Peki, başka ne gibi temalar var? Senin işinde mekan, insan ve hayal dünyası var. Ama toplumsal, politik perspektifler de var mı?
Nil Ayber: ‘Am I Pretty Yet’ eserinin ilhamı öncelikli olarak bir kadın olarak kendi tecrübemden geldi. Ama, tabii ki bu tecrübe her kadının yaşadığı bir gerçeklik. Sadece performatif güzellik algısını sorgulamak değil aynı zamanda bu güzellik idealine olan inancın naifliğini de öne çıkartmak istedim. Her kadının en güzel olan formuna ulaşma çabasındaki şiddet dolu eylemlerini ve onların nerdeyse canavarımsı sonucunu betimlemek için benim de çarpıcı ve şiddet dolu imgeler kullanmam gerekiyordu. Ortaya çıkan eser ise izleyeciyi tıpkı toplumun kadını kendi bedenlerine olan nefreti ile baş başa bıraktığı gibi kendi toplumsal ön yargılarının rahatsız edici gerçekliği ile baş başa bırakıyor.
Portakal: Ben çalışmamda paper-mache tekniğini kullandım. Ortaya çıkan heykel evrilmeye çalışıyor ama toplum tarafından sıkıştırılıyor. Bir yandan kendine sarılıyor, bir yandan da dağılmamaya çalışıyor. Bu form, hem doğmaya çalışan hem de kendini bastıran bir yapı gibi benim için.

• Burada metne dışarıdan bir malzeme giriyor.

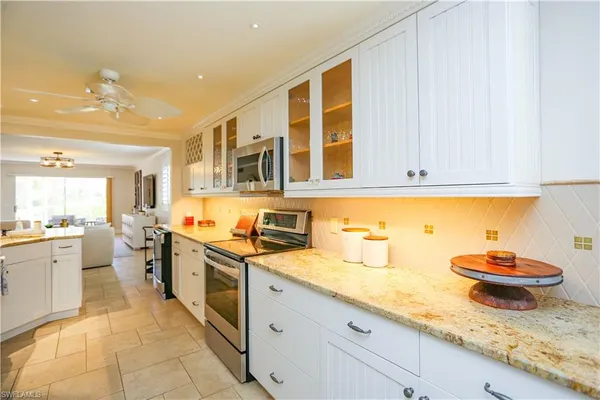 a kitchen with stainless steel appliances granite countertop a sink and cabinets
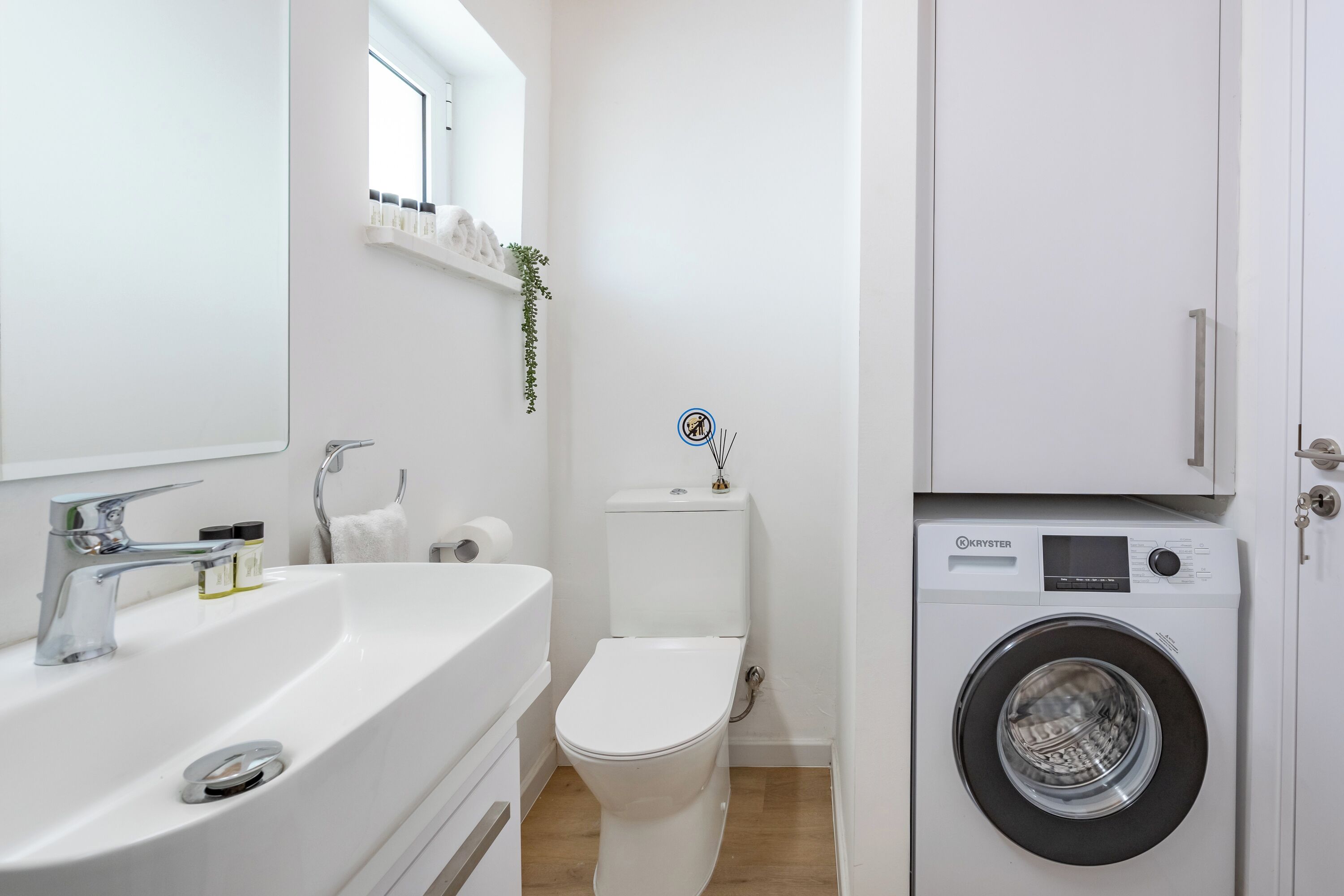 Un baño pequeño con lavabo blanco, inodoro y lavadora de carga frontal.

Derinsu Alicikoğlu: Benim işim artırılmış gerçeklik (AR) üzerine. Bu sergide ne yaparsam yapayım “-mış gibi” olacağını düşündüm. Çünkü QR ile her şeyi oradaymış gibi gösterebiliyorsunuz. Bir saz charmı ve çok meşhur Labubu karakterini kullandım. Gerçeklik, yapaylık, geleneksellik... Hepsi iç içe geçti. Herkes kendi telefonundan bakıyor ve bu da “kendi -mış gibi” gerçekliğini yaratıyor.
Oğulcan Özer: İşlerimi üç temel düşünürün fikirlerinden yola çıkarak üretiyorum: Heraklitos, Marx ve Zygmunt Bauman. Marx'ın “Katı olan her şey buharlaşıyor” sözü modernizmi tanımlıyor. Bauman ise post-modern dönemi “akışkan modernite” olarak ifade ediyor. Özellikle Fuji Dağı'nı seçtim. Çünkü Fuji, Japonya'nın İkinci Dünya Savaşı sonrası yeniden inşasında önemli bir simge. Bir zamanlar tapınak olarak görülen bu dağ, bugün bir turistik mekâna dönüştü. İlk bakışta kitsch gibi duran bir manzara resmi gibi görünüyor ama serginin de teması olan “-mış gibi” hâlini neon ve kompozit malzemelerle ele aldım.
Serhat Ergün: “Tutsak” çalışması, görünmeyen bir varlığın izini mekânsal ve işitsel olarak takip eden bir yerleştirme. İlhamını, özgürlüğün bazen bir yanılsama, sınırların ise çoğu zaman görünmez oluşundan aldı. Boş bir kuş kafesi, hafifçe sallanan bir salıncak ve aralıklı seslerle, artık orada olmayan bir canlının hayaletimsi izleri yeniden inşa ediliyor.
Üretim süreci boyunca beden, bellek, iz ve rastlantı kavramları üzerine yoğunlaştım. Hareket ve ses motorlarla tetiklense de yapı her zaman birebir tekrar etmeyen bir düzenle çalışıyor. Yerleştirme sürecinde mekânla olan ilişkiyi, izleyicinin algısını ve işin fiziksel/görünmeyen katmanlarını birlikte düşünmek temel motivasyonum oldu.
Son olarak serginin içinde yer alan Kitschen odasından da bahsedelim istiyorum.
Fırat: Bu sergide Kitschen Güncel Sanat İnisiyatifi olarak bugüne kadar yaptıklarımızı unutmadık, unutturmak da istemedik. Bu yüzden sergimizin bir köşesini bir hafıza odasına dönüştürdük. Fanzinlerimiz, kataloglarımız, afişlerimiz vb.
Sadece belgeler değil, bir duruşun, bir üretim biçiminin, bir kolektif belleğin izleri aslında bunlar.
Ankara çağdaş sanat ortamında neyin mümkün olduğunu sorguladığımız, sınırları zorladığımız ve bazen de sırf öyle hissettirdiği için yaptığımız her şeyin yankısı bu odadaydı.
Çünkü hafıza, hatırladıkça var olur. Biz de en başta kalmayı değil, biriktirmeyi, çoğalmayı ve hatırlamayı seçtik. Dolayısıyla bu hafıza odasını çok anlamlı buluyoruz.
Çok teşekkür ederim hepinize. Sergi vesilesiyle ortaya çıkan bu düşünce yolları ve anlatılar oldukça ilham verici.